With Thursday's release of the 24 crew members of the American surveillance plane held in China, a resolution to the diplomatic dispute caused by the midair collision of a Chinese fighter with the U.S. spy plane has been found. Averting a showdown by diplomatic compromise is fortunate not only for the two protagonists but also for South Korea, which is effected by discord between the two nations.

Of course, full-fledged negotiations are next. Heated verbal jousting is expected over an investigation of the cause of the accident, the return of the American aircraft and a plan to prevent similar incidents from recurring. Washington is also facing a decision on the sales of weapons to Taiwan, at the end of April. If four Aegis-class destroyers make the list of weapons, the Washington-Beijing conflict may escalate into a new level.

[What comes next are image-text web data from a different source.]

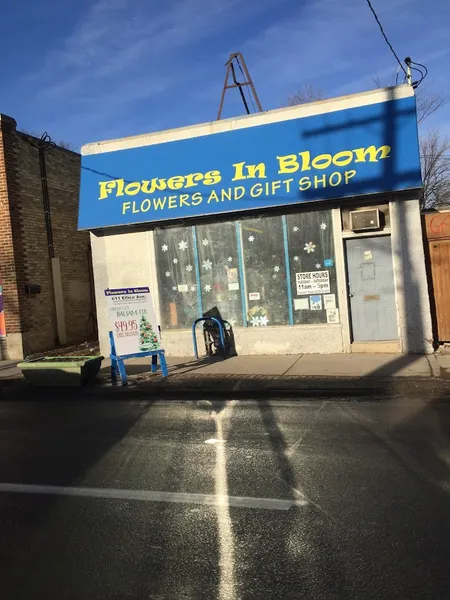 Flowers In Bloom - Winnipeg Florist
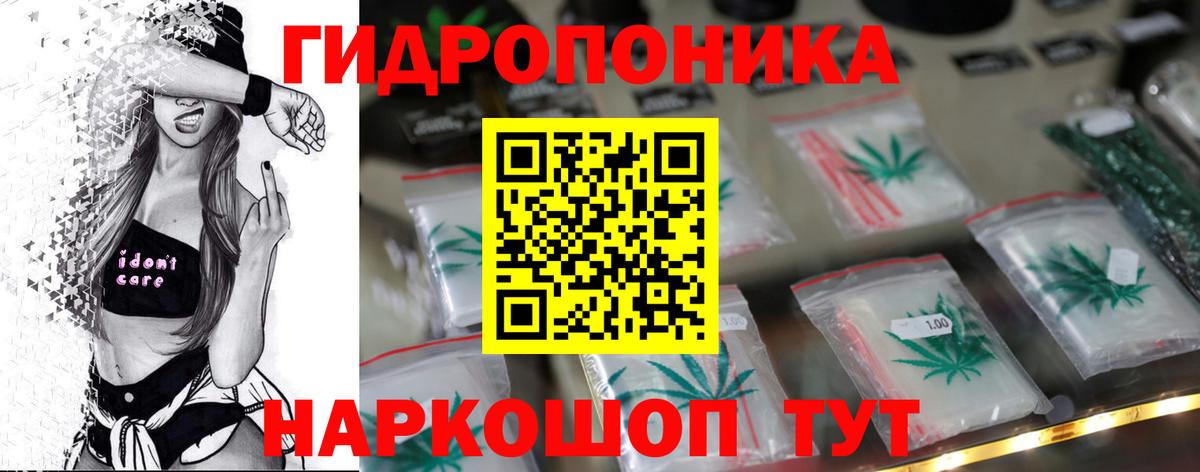 Кудрово  Каннабис план  Канабис SATIVA & INDICA  МАРИХУАНА AK-47  Вход с VPN 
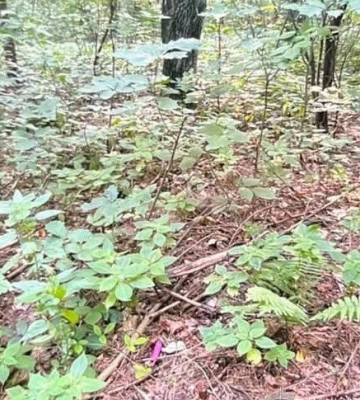 У Луцьку 18-річна дівчина робила закладки з амфетаміном, її затримали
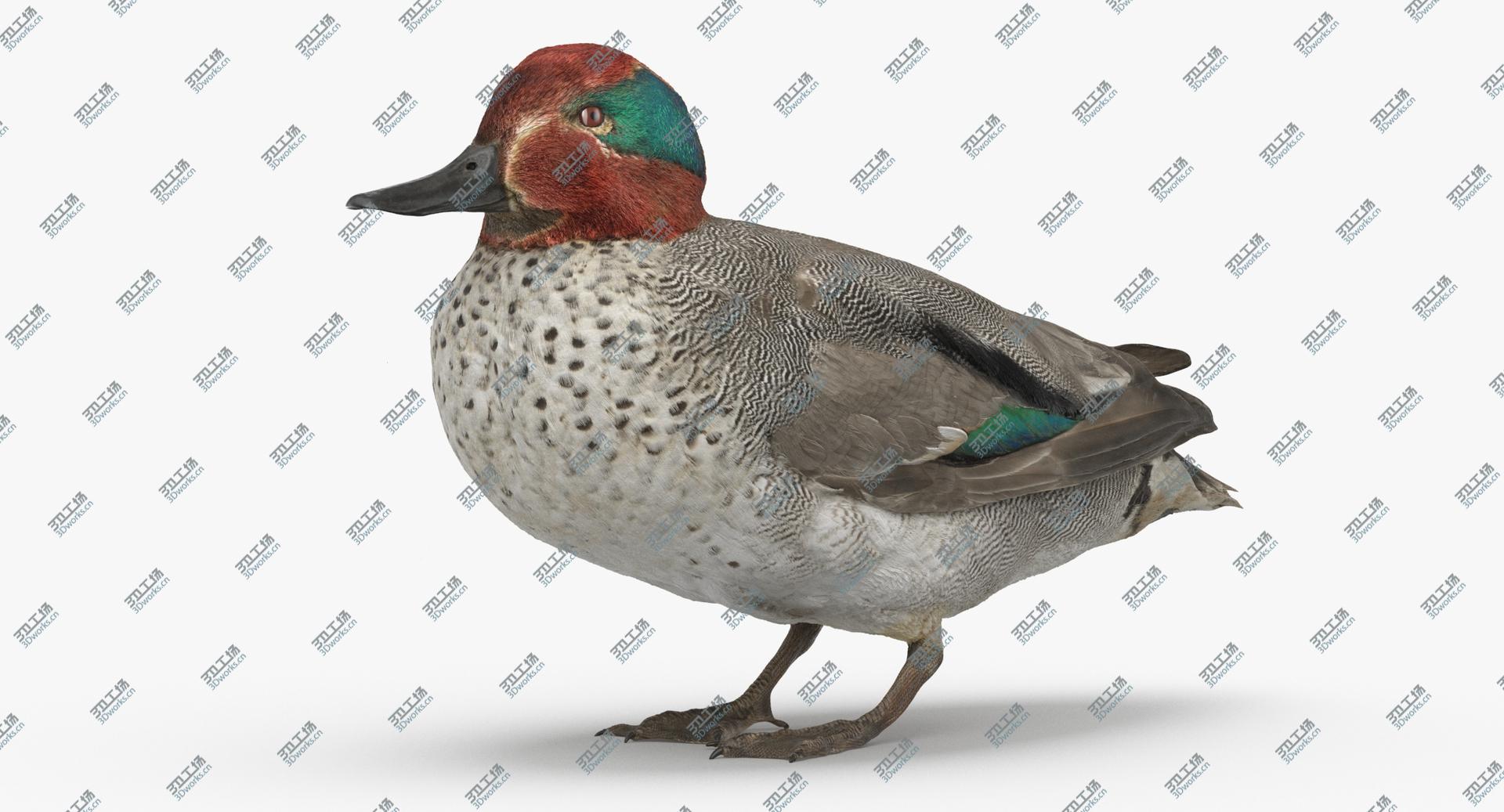 images/goods_img/202104022/Eurasian Teal ( Anas Crecca ) Male 01 3D model/4.jpg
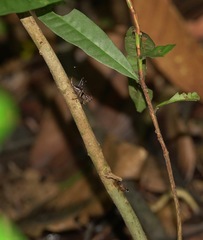 Lipotactes maculatus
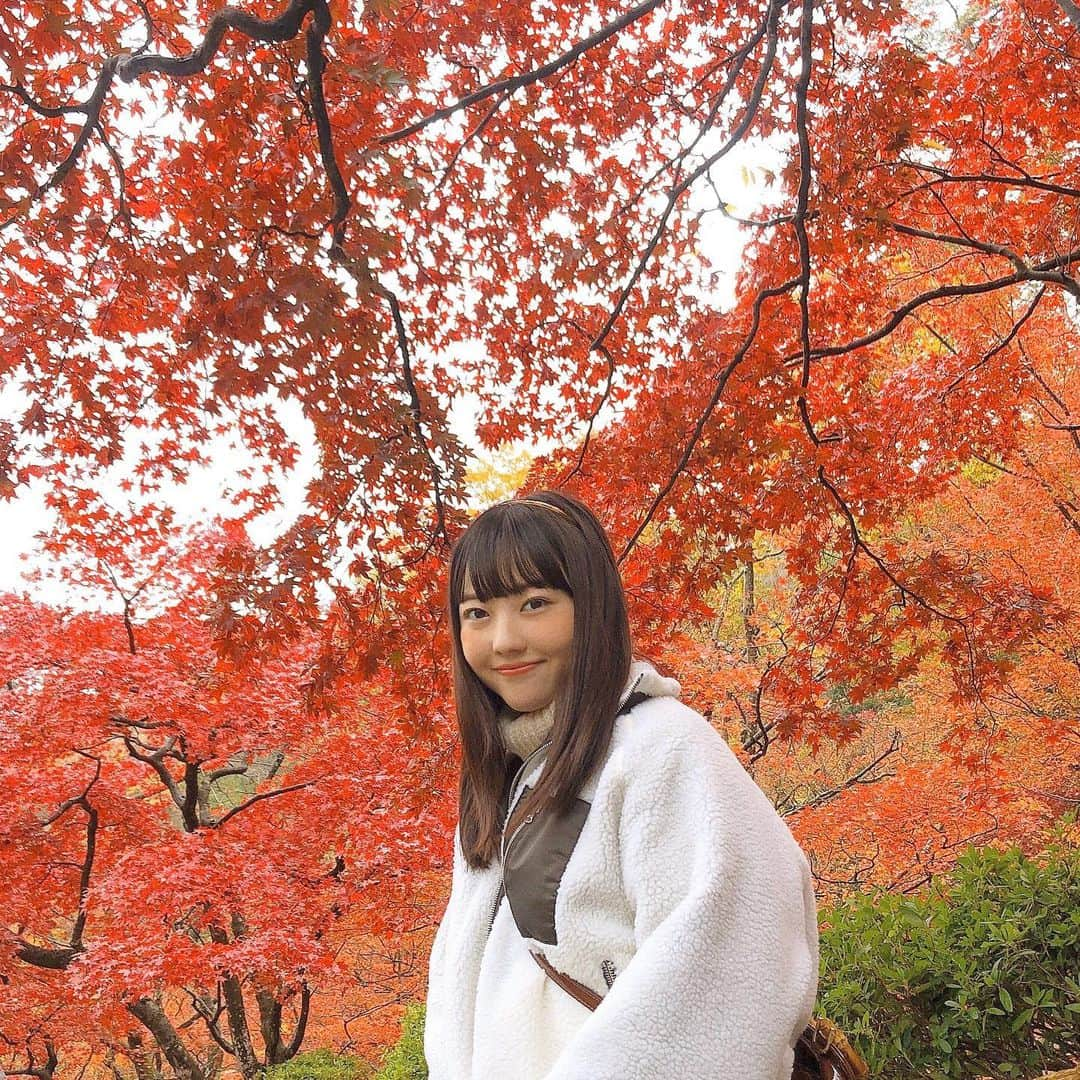 日下部愛菜さんのインスタグラム写真 - (日下部愛菜Instagram)「今年は見れました…☺️🍁 . #新潟 #弥彦 #紅葉」11月18日 20時48分 - aina_kusakabe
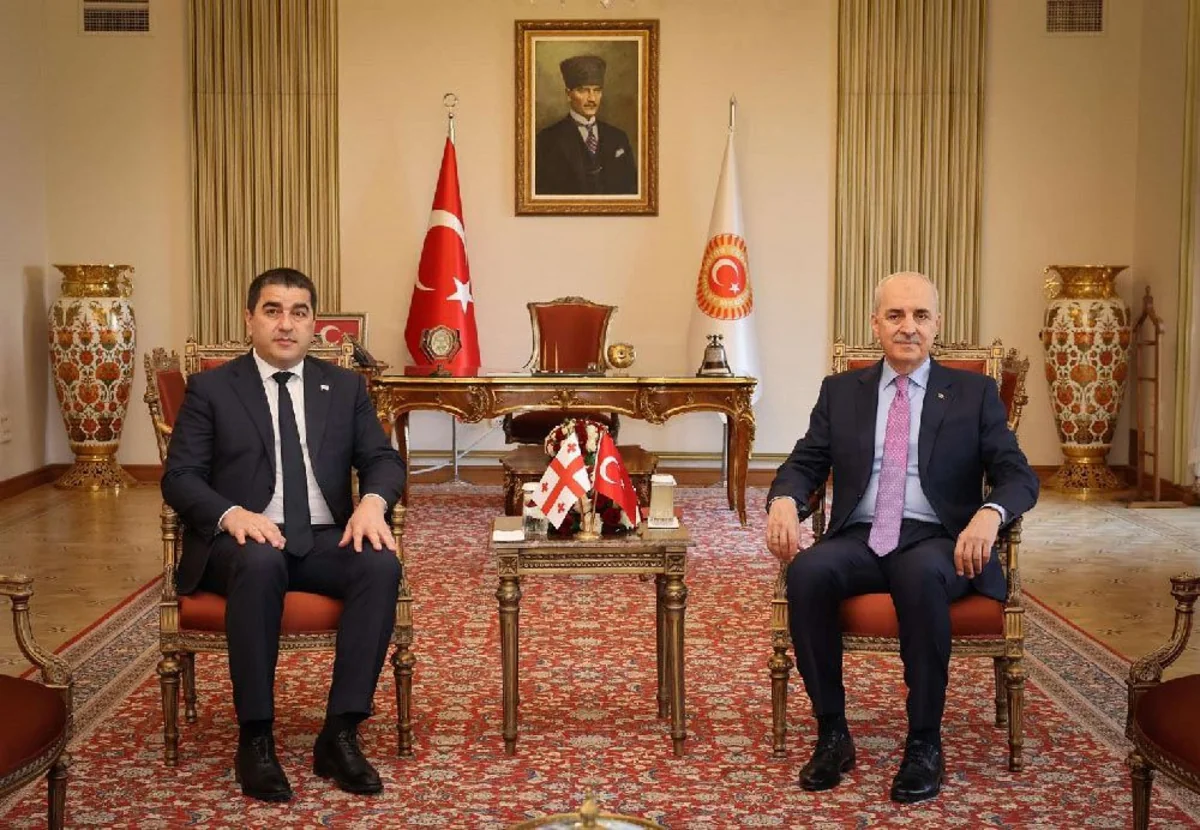 Georgian and Turkish parliamentary speakers discuss regional cooperation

Wednesday, the United States submitted a resolution on human rights in China to the United Nations Commission on Human Rights. Washington's official stance about Beijing's request of support for hosting the 2008 Summer Olympics will be worth noting. These possible elements of discord make it difficult to expect smooth sailing between the two nations despite the ending of the standoff.

In the process of settling the midair collision, Washington and Beijing consequently achieved a "win-win" outcome and saved face by stepping back. If President George W. Bush had pressed ahead with his initial hard-line stance, the relations between the two countries could have plunged into catastrophe.

The world is watching nervously the Bush Administration's diplomatic unilateralism, which puts forward "diplomacy of strength." His administration is pushing for a national missile defense system despite world opposition. With regard to North Korea, the Bush administration is likely to place strength, not dialogue, in the foreground. There are limitations to strength-based diplomacy. Sometimes concessions and compromises are more effective. We hope Mr. Bush has learned this lesson from the standoff with China.